* [DATA SUPPLIED]
++++++

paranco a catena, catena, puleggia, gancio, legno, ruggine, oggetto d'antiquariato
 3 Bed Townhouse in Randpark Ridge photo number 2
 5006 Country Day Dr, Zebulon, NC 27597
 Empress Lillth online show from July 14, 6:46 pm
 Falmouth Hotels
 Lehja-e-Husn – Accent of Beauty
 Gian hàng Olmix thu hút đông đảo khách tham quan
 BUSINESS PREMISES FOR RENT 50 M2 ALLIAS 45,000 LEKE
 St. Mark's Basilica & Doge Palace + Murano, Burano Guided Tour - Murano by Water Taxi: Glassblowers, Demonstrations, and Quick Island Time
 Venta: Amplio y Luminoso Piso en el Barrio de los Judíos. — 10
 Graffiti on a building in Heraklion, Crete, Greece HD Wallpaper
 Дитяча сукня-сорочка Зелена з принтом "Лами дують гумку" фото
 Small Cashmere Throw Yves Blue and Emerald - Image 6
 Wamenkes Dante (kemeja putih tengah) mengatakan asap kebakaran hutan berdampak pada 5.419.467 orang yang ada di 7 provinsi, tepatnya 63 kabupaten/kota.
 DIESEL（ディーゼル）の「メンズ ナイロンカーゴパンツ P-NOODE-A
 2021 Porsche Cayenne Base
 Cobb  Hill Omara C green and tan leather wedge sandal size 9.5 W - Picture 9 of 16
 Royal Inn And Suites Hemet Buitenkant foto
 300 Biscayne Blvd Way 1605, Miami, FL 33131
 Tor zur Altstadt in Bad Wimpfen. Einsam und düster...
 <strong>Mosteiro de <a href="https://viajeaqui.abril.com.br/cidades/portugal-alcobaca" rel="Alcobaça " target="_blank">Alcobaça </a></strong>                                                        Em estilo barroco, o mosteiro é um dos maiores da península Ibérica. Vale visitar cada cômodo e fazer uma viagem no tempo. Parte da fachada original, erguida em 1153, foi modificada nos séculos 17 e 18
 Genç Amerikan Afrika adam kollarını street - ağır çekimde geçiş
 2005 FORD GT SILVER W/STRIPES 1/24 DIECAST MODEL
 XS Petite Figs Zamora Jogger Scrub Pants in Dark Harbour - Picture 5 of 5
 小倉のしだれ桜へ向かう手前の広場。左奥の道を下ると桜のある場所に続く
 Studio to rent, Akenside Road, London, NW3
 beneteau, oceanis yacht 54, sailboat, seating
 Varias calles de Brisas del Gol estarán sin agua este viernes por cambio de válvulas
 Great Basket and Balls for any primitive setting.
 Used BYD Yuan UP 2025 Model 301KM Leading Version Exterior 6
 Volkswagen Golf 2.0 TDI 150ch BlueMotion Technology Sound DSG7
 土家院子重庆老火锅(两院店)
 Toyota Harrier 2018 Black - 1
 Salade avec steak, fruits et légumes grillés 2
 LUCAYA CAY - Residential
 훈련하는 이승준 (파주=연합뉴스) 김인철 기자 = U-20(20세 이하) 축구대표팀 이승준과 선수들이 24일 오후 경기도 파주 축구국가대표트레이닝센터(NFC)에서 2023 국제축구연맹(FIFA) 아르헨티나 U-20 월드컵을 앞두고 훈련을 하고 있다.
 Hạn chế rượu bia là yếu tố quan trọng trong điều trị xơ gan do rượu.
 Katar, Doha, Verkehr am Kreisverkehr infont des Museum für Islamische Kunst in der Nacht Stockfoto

++++++

* [ASSIGNED TASK]
Only lines holding the word "quan" belong in the answer; copy all of them from the records.

* [SOLUTION FOR THIS PROBLEM]
 Gian hàng Olmix thu hút đông đảo khách tham quan
 Hạn chế rượu bia là yếu tố quan trọng trong điều trị xơ gan do rượu.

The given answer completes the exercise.